(Information given)
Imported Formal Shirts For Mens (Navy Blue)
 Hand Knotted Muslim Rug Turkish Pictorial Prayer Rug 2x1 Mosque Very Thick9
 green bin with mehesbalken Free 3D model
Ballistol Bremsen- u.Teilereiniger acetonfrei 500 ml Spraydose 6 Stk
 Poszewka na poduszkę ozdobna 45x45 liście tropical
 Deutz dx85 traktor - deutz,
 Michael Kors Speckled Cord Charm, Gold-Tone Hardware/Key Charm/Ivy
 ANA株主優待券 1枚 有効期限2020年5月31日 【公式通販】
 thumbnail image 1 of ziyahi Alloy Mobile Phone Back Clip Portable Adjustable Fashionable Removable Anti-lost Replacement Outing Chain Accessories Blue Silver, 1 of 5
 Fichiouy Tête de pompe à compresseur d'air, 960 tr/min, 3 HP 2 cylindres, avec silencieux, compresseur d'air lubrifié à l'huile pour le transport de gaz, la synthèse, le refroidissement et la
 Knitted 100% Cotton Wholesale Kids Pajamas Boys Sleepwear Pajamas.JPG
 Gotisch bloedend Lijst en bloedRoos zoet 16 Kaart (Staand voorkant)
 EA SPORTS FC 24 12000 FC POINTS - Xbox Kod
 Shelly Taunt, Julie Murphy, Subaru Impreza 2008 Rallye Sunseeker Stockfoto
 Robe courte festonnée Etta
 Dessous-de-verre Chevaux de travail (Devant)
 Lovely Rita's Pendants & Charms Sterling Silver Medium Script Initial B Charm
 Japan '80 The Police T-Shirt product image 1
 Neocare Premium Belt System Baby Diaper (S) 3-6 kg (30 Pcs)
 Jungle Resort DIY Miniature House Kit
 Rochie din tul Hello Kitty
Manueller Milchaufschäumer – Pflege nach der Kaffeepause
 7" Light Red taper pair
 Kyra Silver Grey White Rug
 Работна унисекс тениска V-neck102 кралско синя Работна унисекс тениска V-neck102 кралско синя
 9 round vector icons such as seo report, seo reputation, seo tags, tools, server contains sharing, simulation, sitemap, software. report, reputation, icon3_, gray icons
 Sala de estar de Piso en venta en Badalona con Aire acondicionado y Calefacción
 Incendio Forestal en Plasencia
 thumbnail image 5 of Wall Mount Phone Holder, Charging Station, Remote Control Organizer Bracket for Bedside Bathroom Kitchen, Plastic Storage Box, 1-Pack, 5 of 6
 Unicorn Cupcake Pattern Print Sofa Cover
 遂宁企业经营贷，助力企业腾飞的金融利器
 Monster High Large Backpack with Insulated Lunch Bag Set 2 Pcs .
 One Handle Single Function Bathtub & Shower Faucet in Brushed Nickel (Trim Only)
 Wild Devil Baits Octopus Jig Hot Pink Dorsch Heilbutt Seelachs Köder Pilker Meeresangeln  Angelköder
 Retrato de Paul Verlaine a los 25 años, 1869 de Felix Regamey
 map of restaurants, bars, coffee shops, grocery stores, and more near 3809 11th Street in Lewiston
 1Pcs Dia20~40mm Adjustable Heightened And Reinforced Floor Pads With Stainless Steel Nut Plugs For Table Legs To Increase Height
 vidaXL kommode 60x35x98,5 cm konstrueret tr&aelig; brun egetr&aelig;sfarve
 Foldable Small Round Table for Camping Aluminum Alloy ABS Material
(End Information given)
● Problem statement
Would you please write the entries out again in full, exactly as given?

● Result for this exercise
Imported Formal Shirts For Mens (Navy Blue)
 Hand Knotted Muslim Rug Turkish Pictorial Prayer Rug 2x1 Mosque Very Thick9
 green bin with mehesbalken Free 3D model
Ballistol Bremsen- u.Teilereiniger acetonfrei 500 ml Spraydose 6 Stk
 Poszewka na poduszkę ozdobna 45x45 liście tropical
 Deutz dx85 traktor - deutz,
 Michael Kors Speckled Cord Charm, Gold-Tone Hardware/Key Charm/Ivy
 ANA株主優待券 1枚 有効期限2020年5月31日 【公式通販】
 thumbnail image 1 of ziyahi Alloy Mobile Phone Back Clip Portable Adjustable Fashionable Removable Anti-lost Replacement Outing Chain Accessories Blue Silver, 1 of 5
 Fichiouy Tête de pompe à compresseur d'air, 960 tr/min, 3 HP 2 cylindres, avec silencieux, compresseur d'air lubrifié à l'huile pour le transport de gaz, la synthèse, le refroidissement et la
 Knitted 100% Cotton Wholesale Kids Pajamas Boys Sleepwear Pajamas.JPG
 Gotisch bloedend Lijst en bloedRoos zoet 16 Kaart (Staand voorkant)
 EA SPORTS FC 24 12000 FC POINTS - Xbox Kod
 Shelly Taunt, Julie Murphy, Subaru Impreza 2008 Rallye Sunseeker Stockfoto
 Robe courte festonnée Etta
 Dessous-de-verre Chevaux de travail (Devant)
 Lovely Rita's Pendants & Charms Sterling Silver Medium Script Initial B Charm
 Japan '80 The Police T-Shirt product image 1
 Neocare Premium Belt System Baby Diaper (S) 3-6 kg (30 Pcs)
 Jungle Resort DIY Miniature House Kit
 Rochie din tul Hello Kitty
Manueller Milchaufschäumer – Pflege nach der Kaffeepause
 7" Light Red taper pair
 Kyra Silver Grey White Rug
 Работна унисекс тениска V-neck102 кралско синя Работна унисекс тениска V-neck102 кралско синя
 9 round vector icons such as seo report, seo reputation, seo tags, tools, server contains sharing, simulation, sitemap, software. report, reputation, icon3_, gray icons
 Sala de estar de Piso en venta en Badalona con Aire acondicionado y Calefacción
 Incendio Forestal en Plasencia
 thumbnail image 5 of Wall Mount Phone Holder, Charging Station, Remote Control Organizer Bracket for Bedside Bathroom Kitchen, Plastic Storage Box, 1-Pack, 5 of 6
 Unicorn Cupcake Pattern Print Sofa Cover
 遂宁企业经营贷，助力企业腾飞的金融利器
 Monster High Large Backpack with Insulated Lunch Bag Set 2 Pcs .
 One Handle Single Function Bathtub & Shower Faucet in Brushed Nickel (Trim Only)
 Wild Devil Baits Octopus Jig Hot Pink Dorsch Heilbutt Seelachs Köder Pilker Meeresangeln  Angelköder
 Retrato de Paul Verlaine a los 25 años, 1869 de Felix Regamey
 map of restaurants, bars, coffee shops, grocery stores, and more near 3809 11th Street in Lewiston
 1Pcs Dia20~40mm Adjustable Heightened And Reinforced Floor Pads With Stainless Steel Nut Plugs For Table Legs To Increase Height
 vidaXL kommode 60x35x98,5 cm konstrueret tr&aelig; brun egetr&aelig;sfarve
 Foldable Small Round Table for Camping Aluminum Alloy ABS Material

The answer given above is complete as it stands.